• ACTIVITY: An exact copy of all records is expected, minus the images.

• RECORD SET:
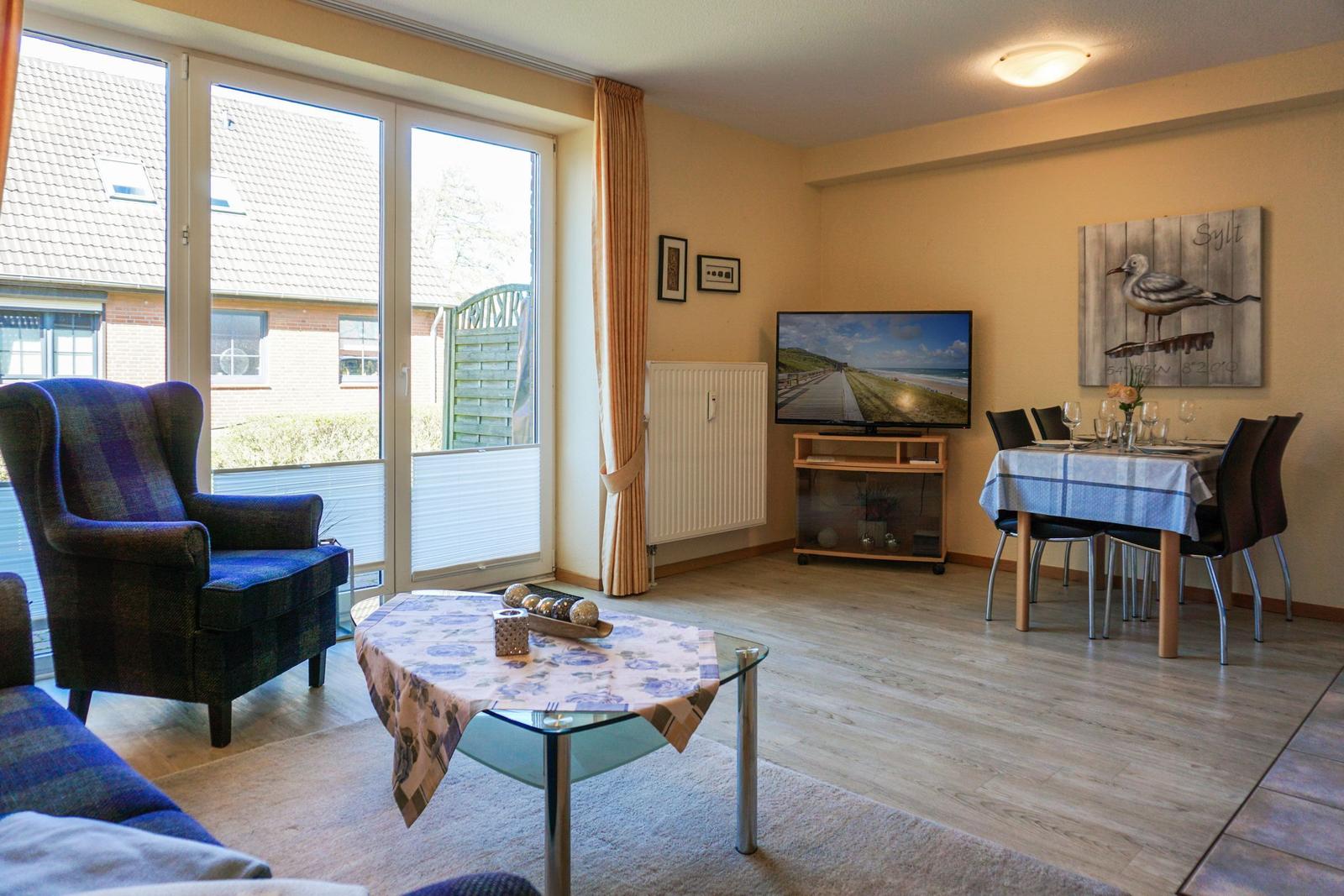 Wohn- und Essbereich mit TV, Tisch und Stühlen, großes Fenster und Wandbild mit Möwe.
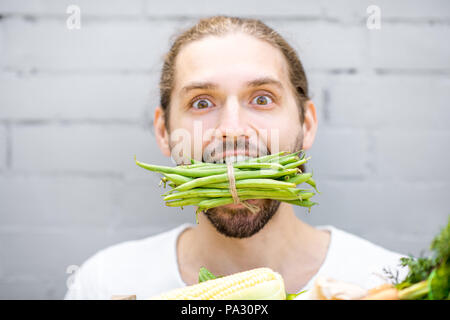 Close portrait of a handsome man biting green beans on the brick wall background Stock Photo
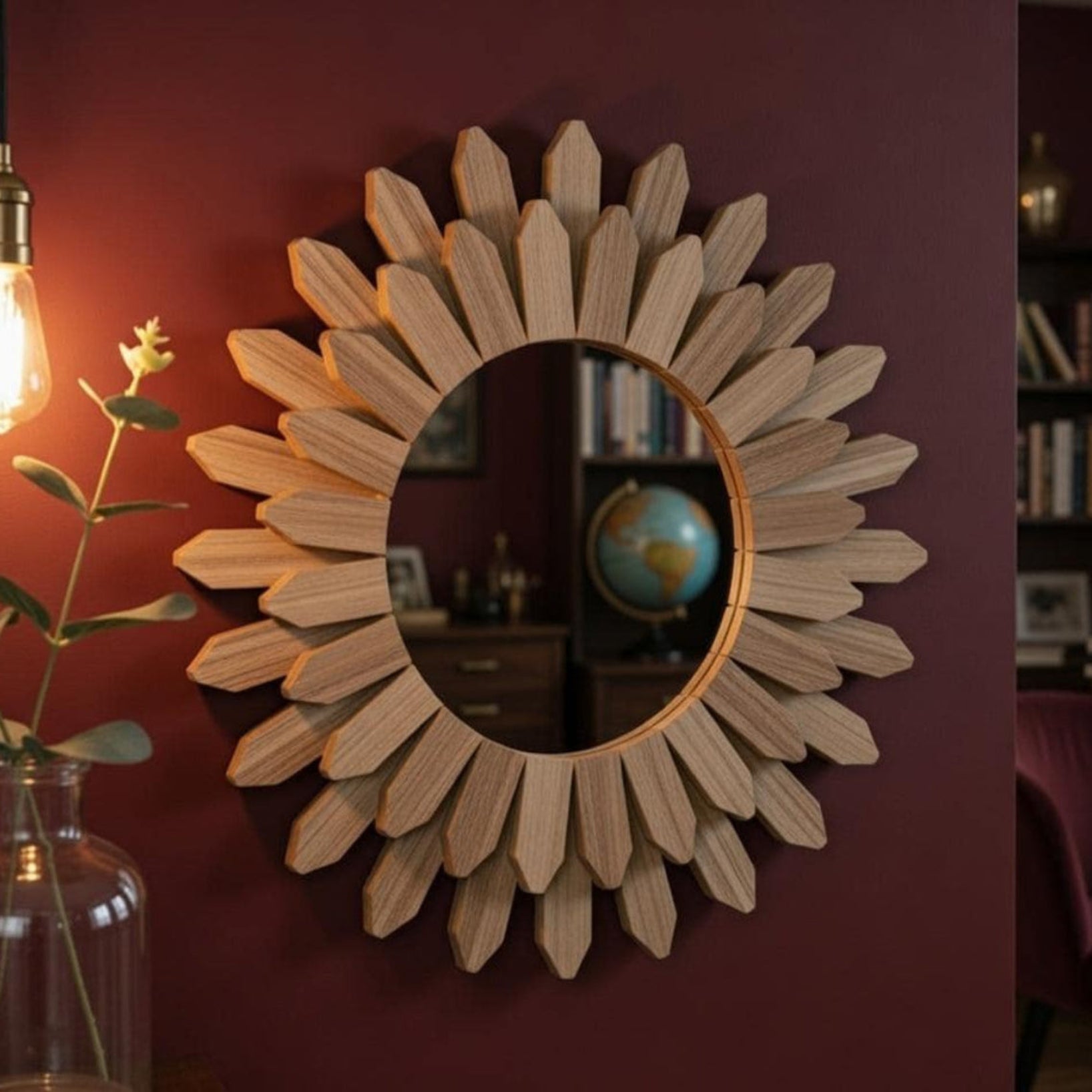 Round wood sunflower mirror catching warm light — boho farmhouse wall decor for entryway or hallway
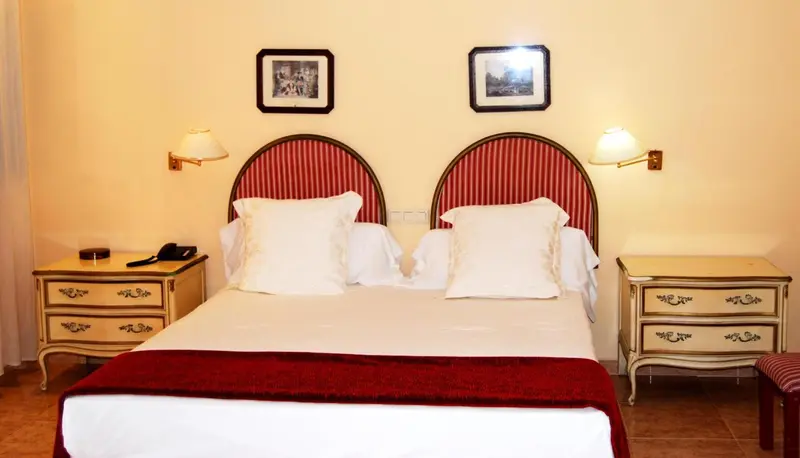 Une chambre avec un grand lit recouvert d'une courtepointe rouge et de coussins blancs.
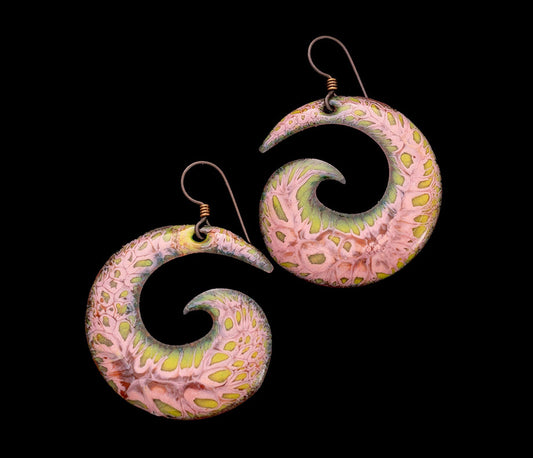 Handmade copper enamel earrings in pink and green spiral wave design with niobium ear.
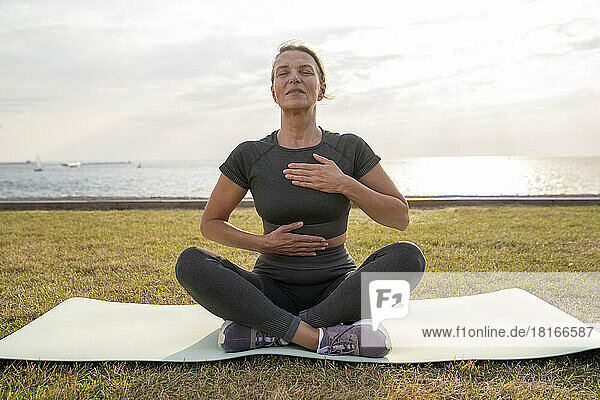 Mature woman doing breathing exercise on grass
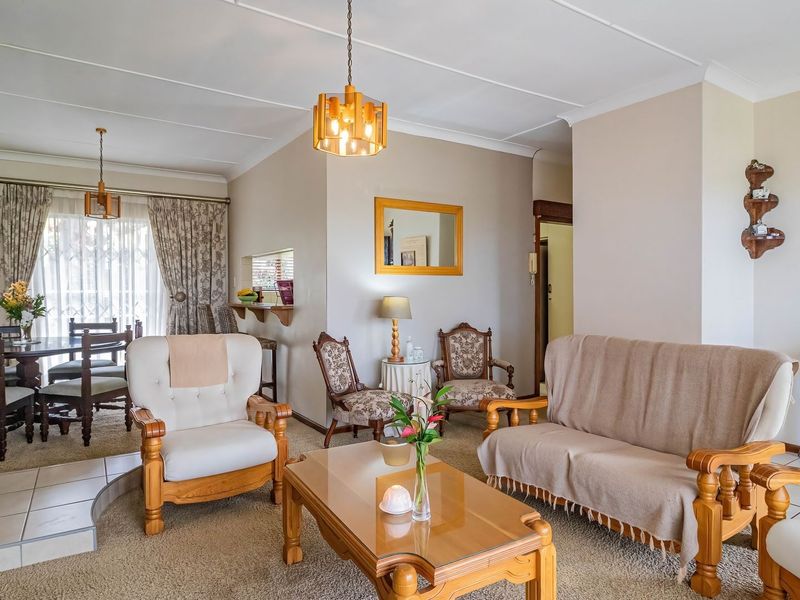 Spacious open-plan living and dining area featuring a freestanding fireplace with a tiled hearth and neutral wall finishes.
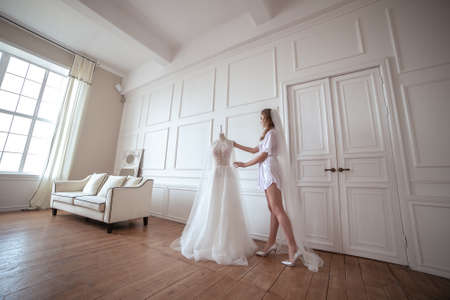 bride morning. a girl in a white robe and veil stands next to a white wedding dressの写真素材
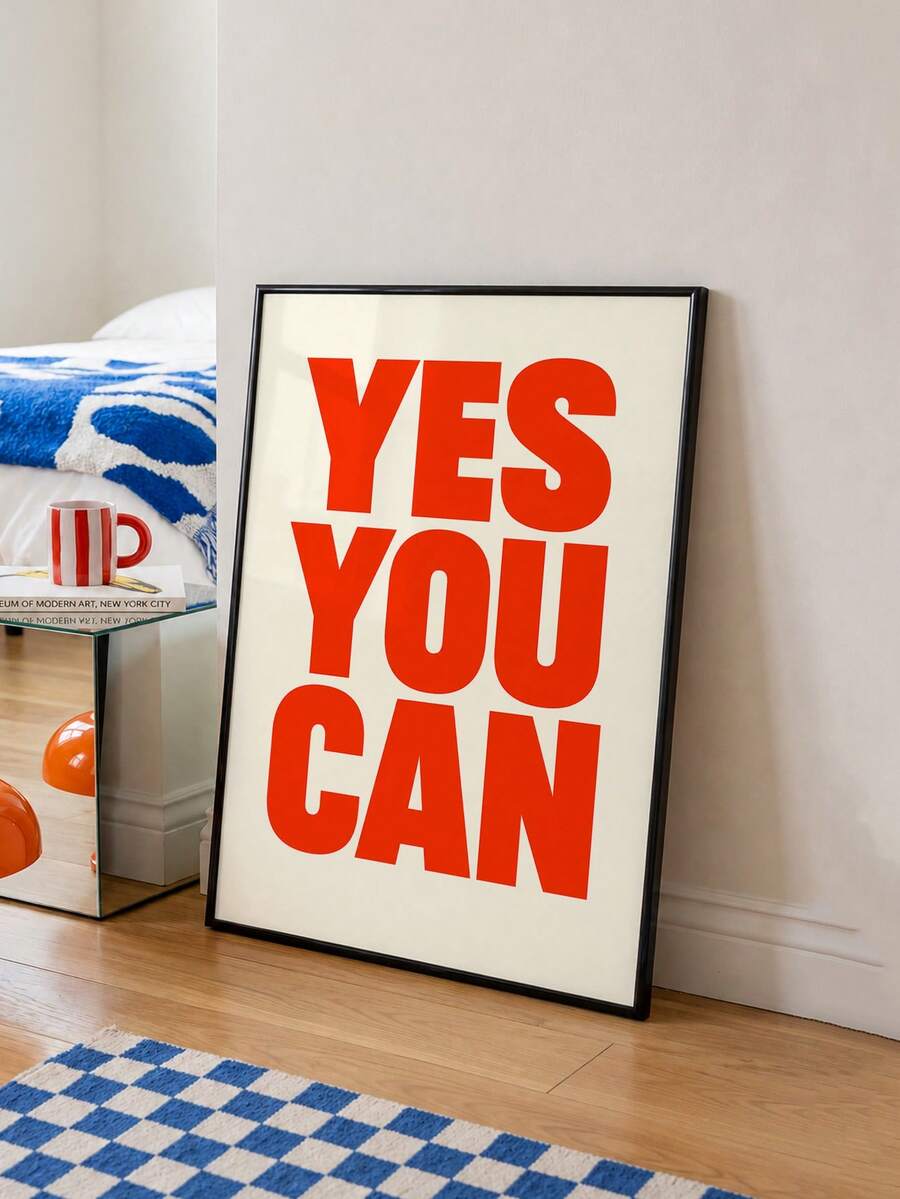Framed red YES YOU CAN typography canvas leaning by blue-and-white bedroom rug
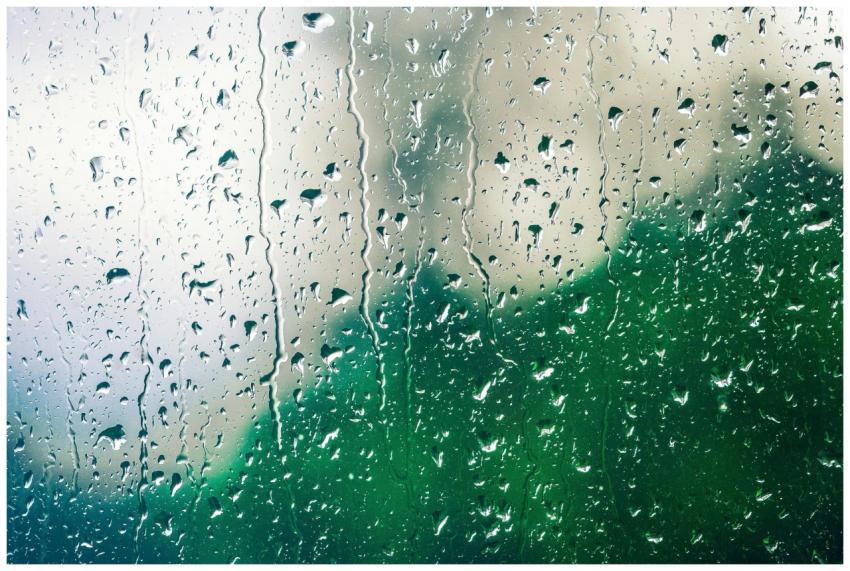 Raindrops on a glass window create a soothing patt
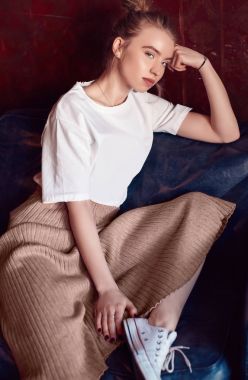 Beyaz tişört ve kanepede oturan elbise güzel hipster sarışın kadın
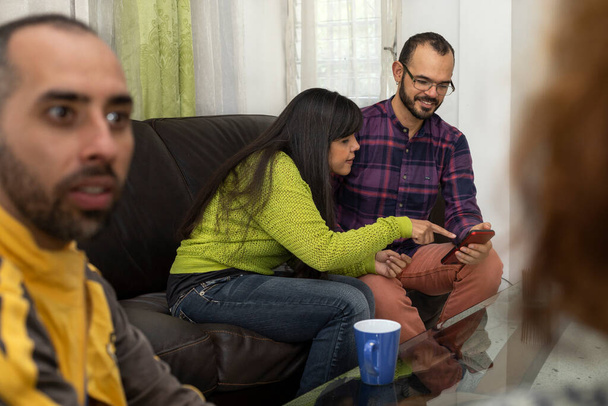 Lateinamerikanische Freunde plaudern, während sie zu Hause auf dem Sofa sitzen und sich amüsieren - Foto, Bild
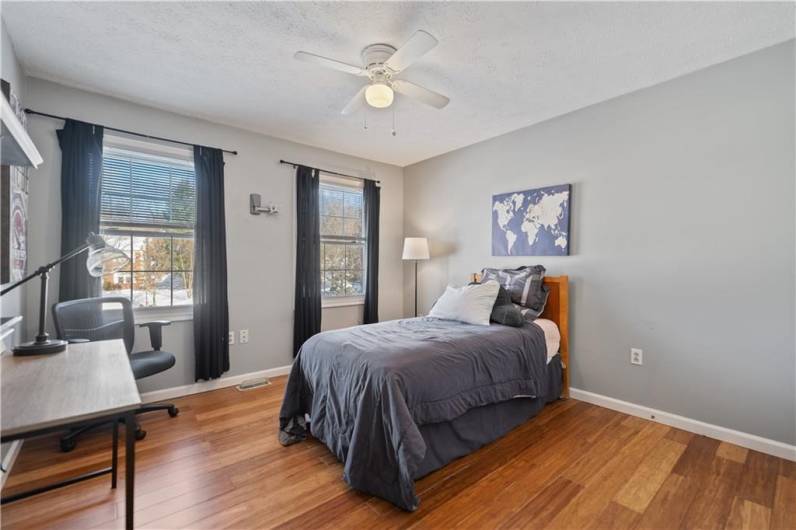 Bright and cheery bedroom has beautiful hardwood floors.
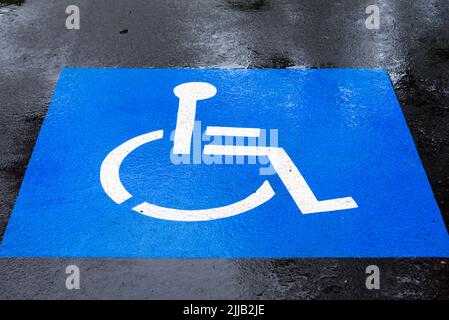 Un simbolo di parcheggio per disabili (sedia a rotelle) dipinto su uno spazio auto piovoso alla Stazione ferroviaria di Como a Sydney, nuovo Galles del Sud, Australia Foto Stock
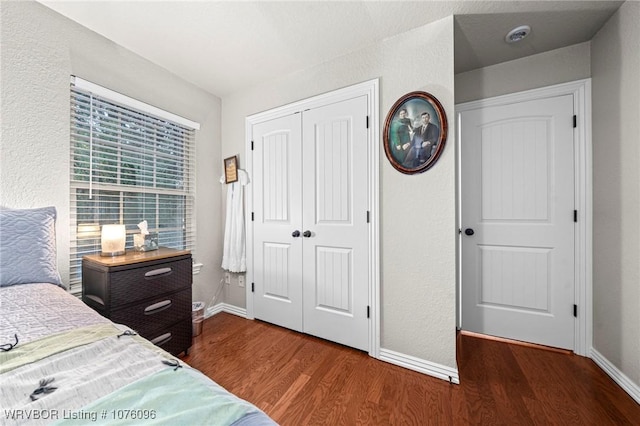 bedroom with dark hardwood / wood-style flooring and a closet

• EXERCISE RESPONSE:
 Wohn- und Essbereich mit TV, Tisch und Stühlen, großes Fenster und Wandbild mit Möwe.
 Close portrait of a handsome man biting green beans on the brick wall background Stock Photo
 Round wood sunflower mirror catching warm light — boho farmhouse wall decor for entryway or hallway
 Une chambre avec un grand lit recouvert d'une courtepointe rouge et de coussins blancs.
 Handmade copper enamel earrings in pink and green spiral wave design with niobium ear.
 Mature woman doing breathing exercise on grass
 Spacious open-plan living and dining area featuring a freestanding fireplace with a tiled hearth and neutral wall finishes.
 bride morning. a girl in a white robe and veil stands next to a white wedding dressの写真素材
Framed red YES YOU CAN typography canvas leaning by blue-and-white bedroom rug
 Raindrops on a glass window create a soothing patt
 Beyaz tişört ve kanepede oturan elbise güzel hipster sarışın kadın
 Lateinamerikanische Freunde plaudern, während sie zu Hause auf dem Sofa sitzen und sich amüsieren - Foto, Bild
 Bright and cheery bedroom has beautiful hardwood floors.
 Un simbolo di parcheggio per disabili (sedia a rotelle) dipinto su uno spazio auto piovoso alla Stazione ferroviaria di Como a Sydney, nuovo Galles del Sud, Australia Foto Stock
 bedroom with dark hardwood / wood-style flooring and a closet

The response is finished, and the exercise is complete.